(Source records)
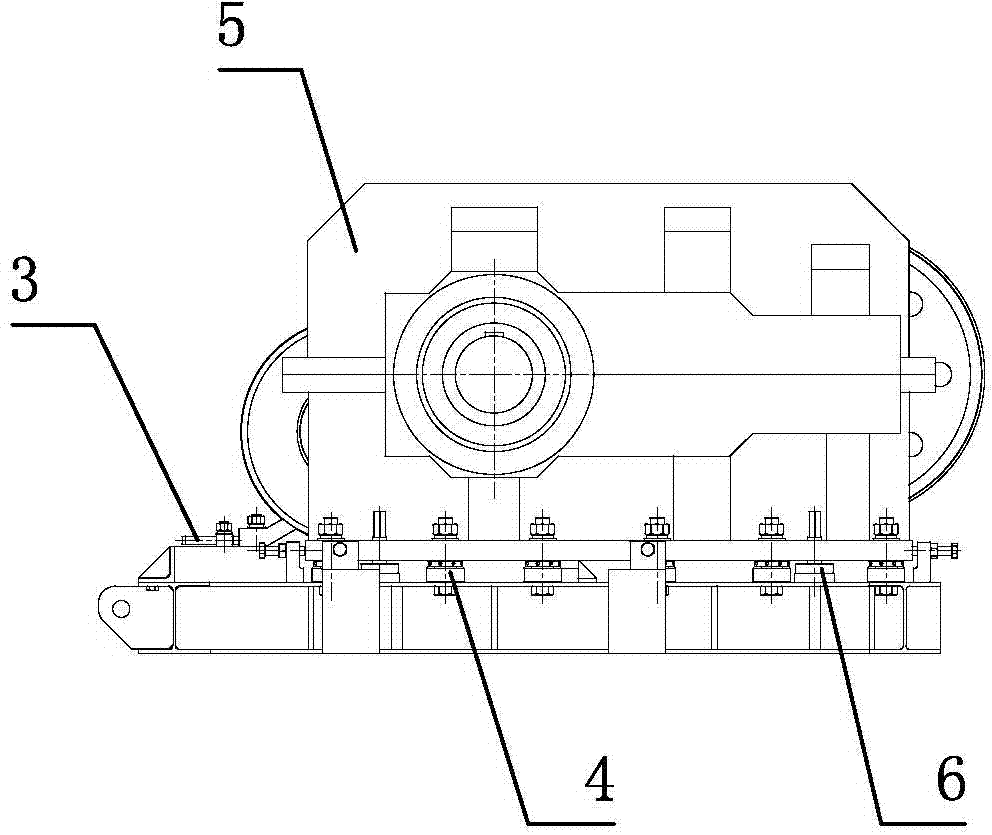 Speed reducer alignment device
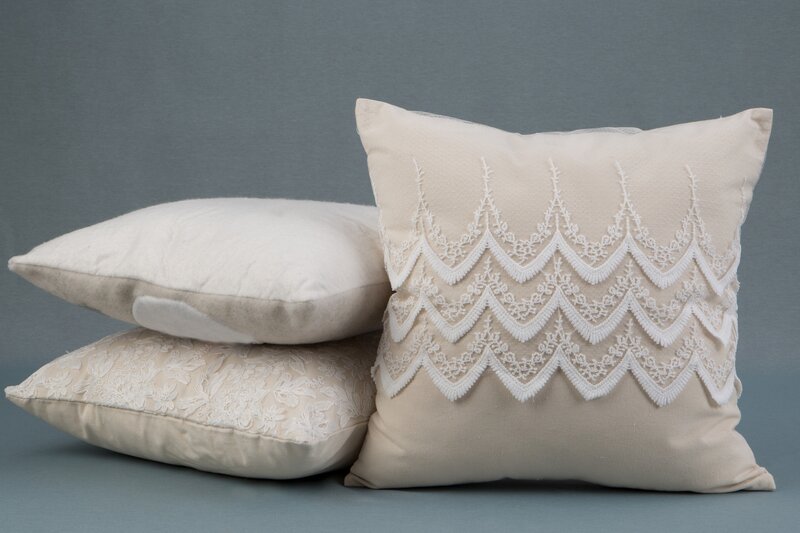 POSZEWKA MONIC 2 45 X 45 CM NATURALNY - EU_416966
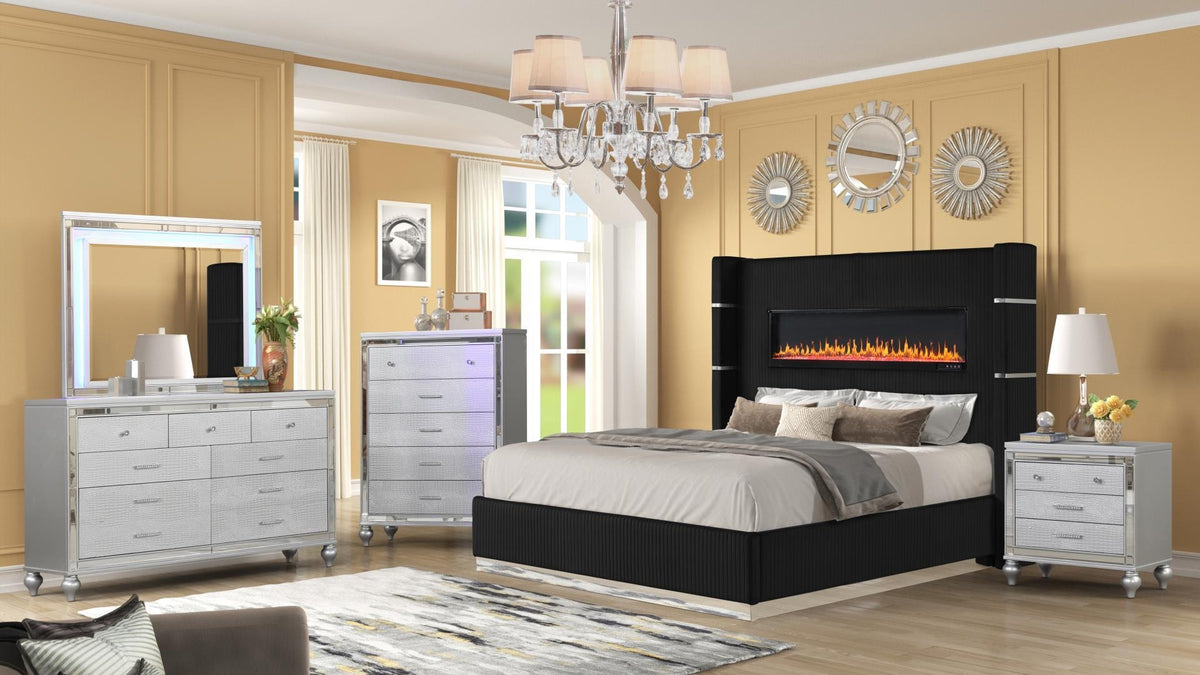 Lizelle 5Pc Bedroom Set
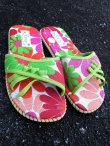 画像2: 【２３ｃｍ〜２３・５ｃｍ】お花プリント＊ヘップサンダル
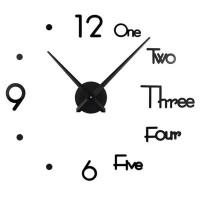 Годинник настінний діаметр 12 см круглий HP-3Y-4B (11156)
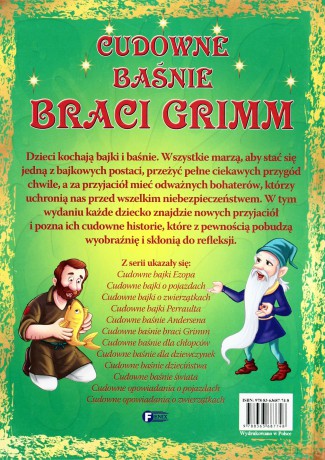Cudowne Baśnie Braci Grimm [KSIĄŻKA]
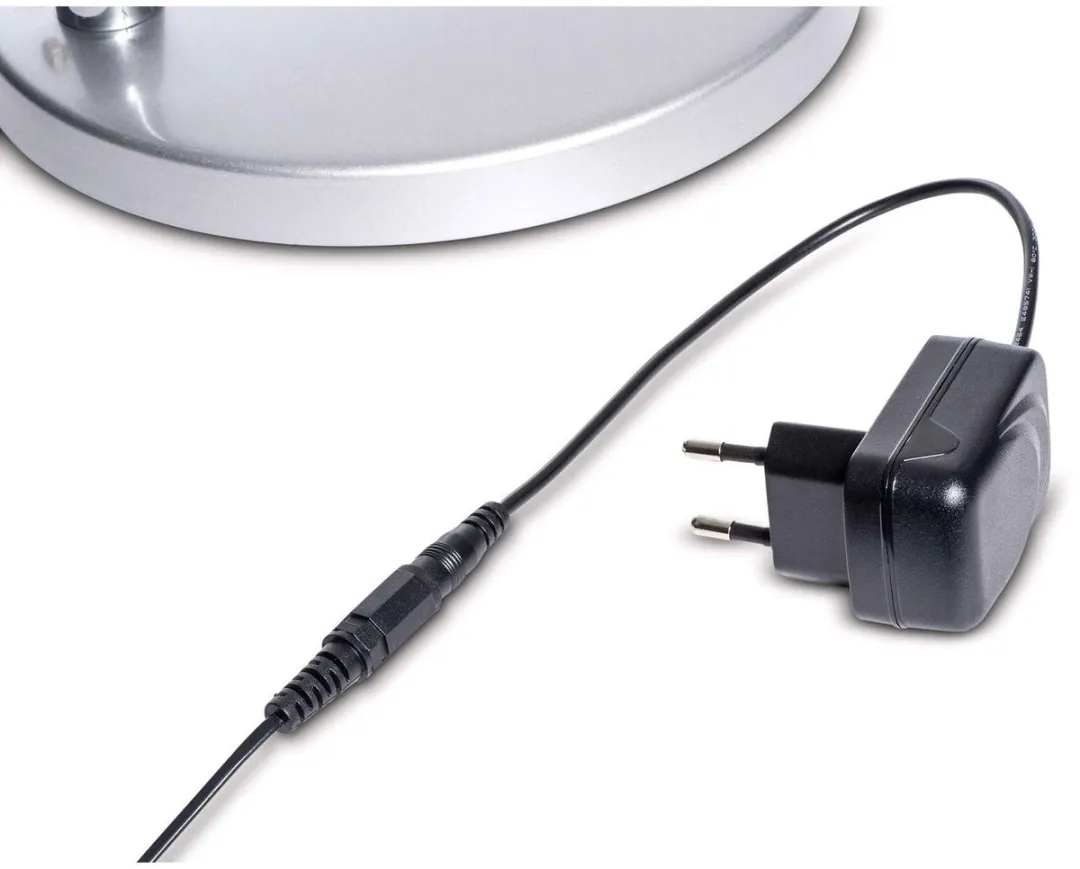 MAULgrace Bureaulamp LED - Zilver - Dimbaar - 6W - afbeelding 6 van 6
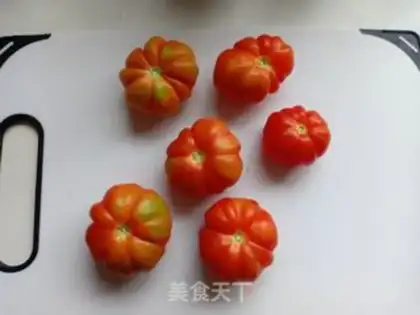 Make Tomato pork dumplings step 0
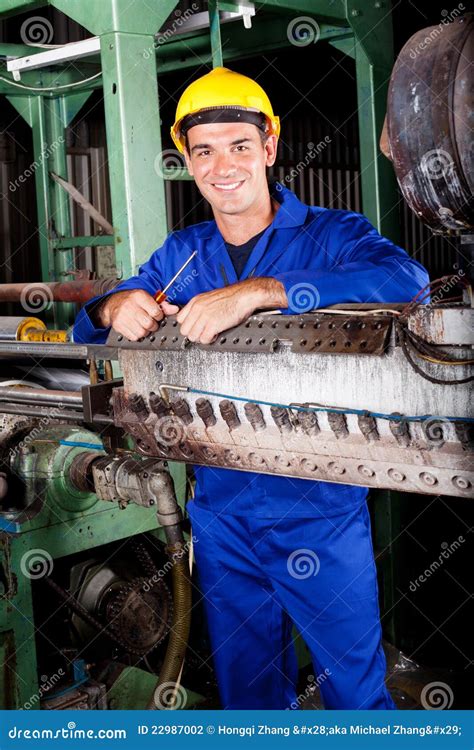 Industrial Mechanic Stock Photography Image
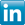 LinkedIn IN Icon 25px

* What you have to do *
From the first line to the last, print the records exactly; leave out the pictures.

* Exercise response *
 Speed reducer alignment device
 POSZEWKA MONIC 2 45 X 45 CM NATURALNY - EU_416966
 Lizelle 5Pc Bedroom Set
 画像2: 【２３ｃｍ〜２３・５ｃｍ】お花プリント＊ヘップサンダル
 Годинник настінний діаметр 12 см круглий HP-3Y-4B (11156)
Cudowne Baśnie Braci Grimm [KSIĄŻKA]
 MAULgrace Bureaulamp LED - Zilver - Dimbaar - 6W - afbeelding 6 van 6
 Make Tomato pork dumplings step 0
 Industrial Mechanic Stock Photography Image
 LinkedIn IN Icon 25px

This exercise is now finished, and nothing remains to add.